DOMRADIO.DE: Es bleibt also beim Wahlkampf, der aber auch wegen Knappheit der gesamten Wahlkampfzeit nicht ohne ist, oder?
Riedel: Der ist nicht so ohne. Gerade auf die letzten Tage hin ist es ein sehr straffes Programm, welches die Wahlkämpfer absolvieren müssen. Man sieht auch täglich die Spitzenkandidatinnen und Spitzenkandidaten im Fernsehen. Gestern gab es das sogenannte 'Quadrell' mit Scholz, Merz, Habeck und Weidel. Am Montagabend sind die vier wieder im Fernsehen und stellen sich noch einmal Fragen von Bürgern. So geht es bis zur Wahl weiter.
Trotz Wahlkampf arbeitet die Bundesregierung weiter. So wurden in der letzten Woche die Kontrollen an allen deutschen Grenzen noch einmal um sechs Monate verlängert. Auch in dieser Woche kommt das Kabinett zusammen. Deutschland hat internationale Verpflichtungen. Der Bundeskanzler reist heute nach Paris. Dort geht es um die Ukraine. Weder die EU noch die Welt warten auf Deutschland und seine Wahl. Auch auf Trump und seine neue Regierung muss man in Deutschland reagieren.
DOMRADIO.DE: Am 18. Februar gibt es in Berlin eine Würdigung für den am 1. Februar verstorbenen Altbundespräsidenten Horst Köhler. Staat und Kirchen sind auch dabei. Was ist geplant?
Riedel: Geplant sind ein Trauergottesdienst und ein Staatsakt im Berliner Dom. Etwa 1100 geladene Gäste werden aus dem In- und Ausland erwartet. Zunächst feiern die christlichen Kirchen den Trauergottesdienst. Unter anderem wirkt Wolfgang Huber mit. Er war zur Amtszeit von Köhler die meiste Zeit Ratsvorsitzender der Evangelischen Kirche in Deutschland. Danach folgt der eigentliche Staatsakt. Der Bundespräsident kommt, der Bundeskanzler auch und viele weitere Spitzenpolitikerinnen und Spitzenpolitiker.

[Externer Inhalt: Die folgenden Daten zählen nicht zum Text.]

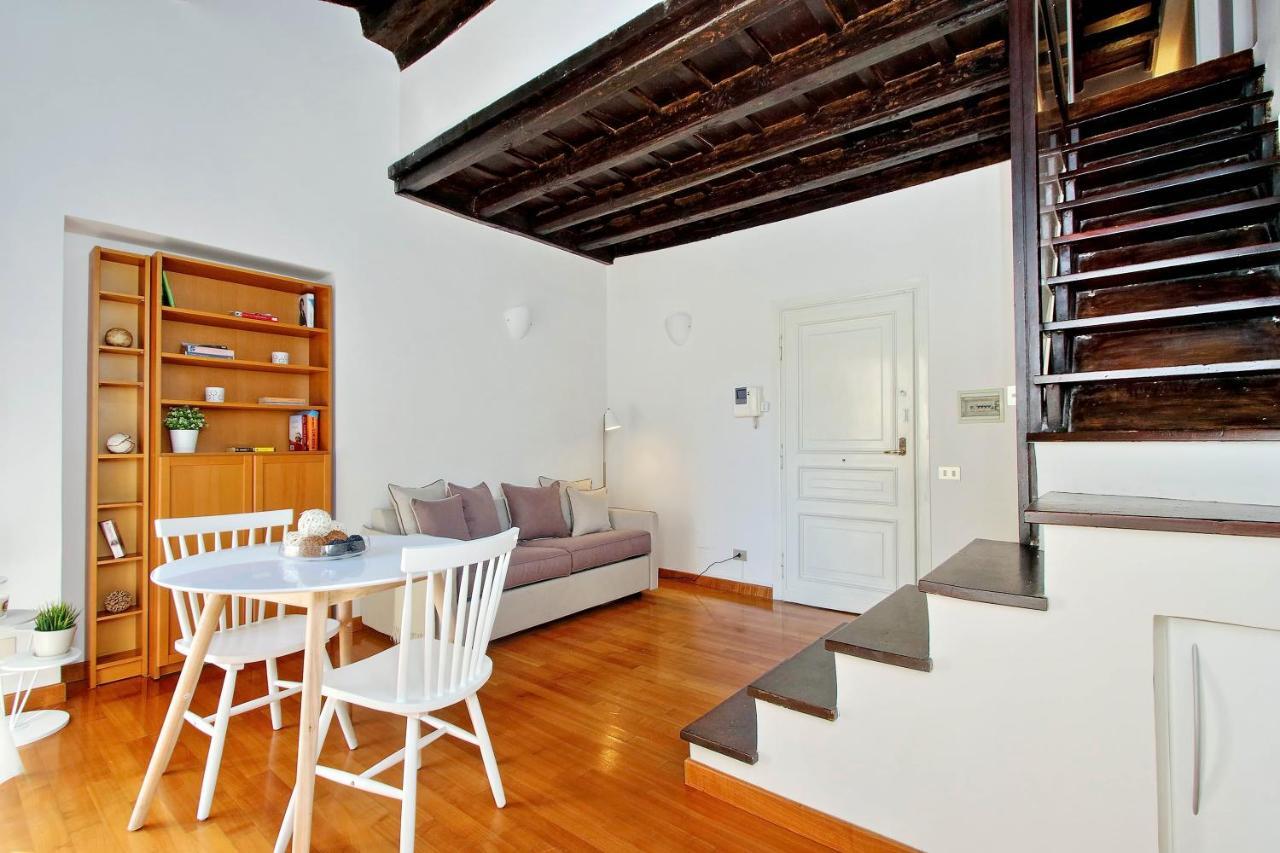 Rent In Rome Trevi Fountain Suite Exterior foto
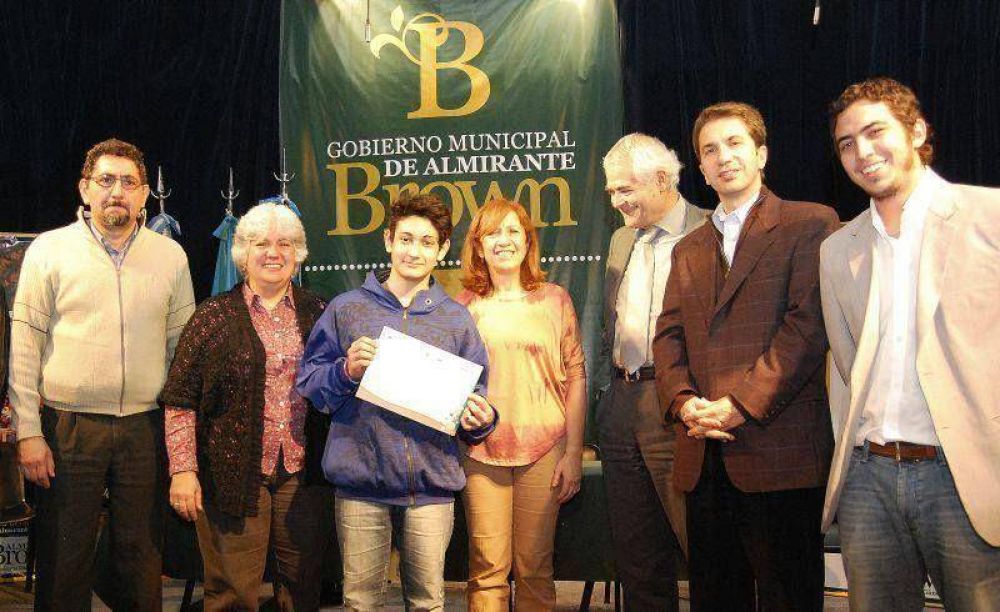 Se lanz� el Parlamento Juvenil 2013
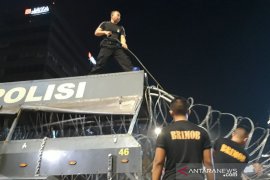 Aparat Brimob ganti pagar kawat berduri di depan Bawaslu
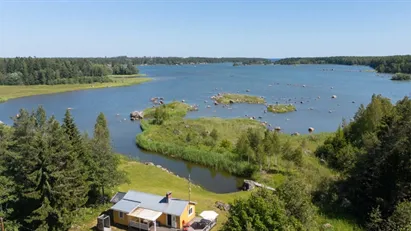 Strandtomt vid HAVET med egen brygga! Sommaridyll endast 25 minuter från Gävles stadskärna!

Die Wahlkämpfer sind dort noch einmal für einen Moment in stiller Trauer auf den Kirchenbänken vereint. Still ist die Trauer, weil drei Leute reden werden. Das sind zum einen Bundespräsident Frank-Walter Steinmeier und zum anderen zwei politische Weggefährten: der frühere österreichische Bundespräsident Heinz Fischer. Er war zur gleichen Zeit Bundespräsident wie Horst Köhler. Dann redet auch noch der frühere Bundesfinanzminister Theo Waigel. Er war Köhlers Chef, als dieser im Finanzministerium gearbeitet hat.
DOMRADIO.DE: Habt ihr bei Trauergottesdiensten als Kolleginnen und Kollegen der katholischen Nachrichtenagentur besonders viel zu tun?
Riedel: Wir berichten natürlich umfänglich darüber, auch was dort gesagt wird. Es ist immer ein besonderer Moment, weil so ein Staatsakt eher sehr selten stattfindet. Es ist nur für ausgewählte Politikerinnen und Politiker.
DOMRADIO.DE: Bei Berlin denkt man aktuell an die Berlinale. Sie feiert ihr 75. Jubiläum. Rote Teppiche, Stars und goldene Bären. Was merkt ihr davon?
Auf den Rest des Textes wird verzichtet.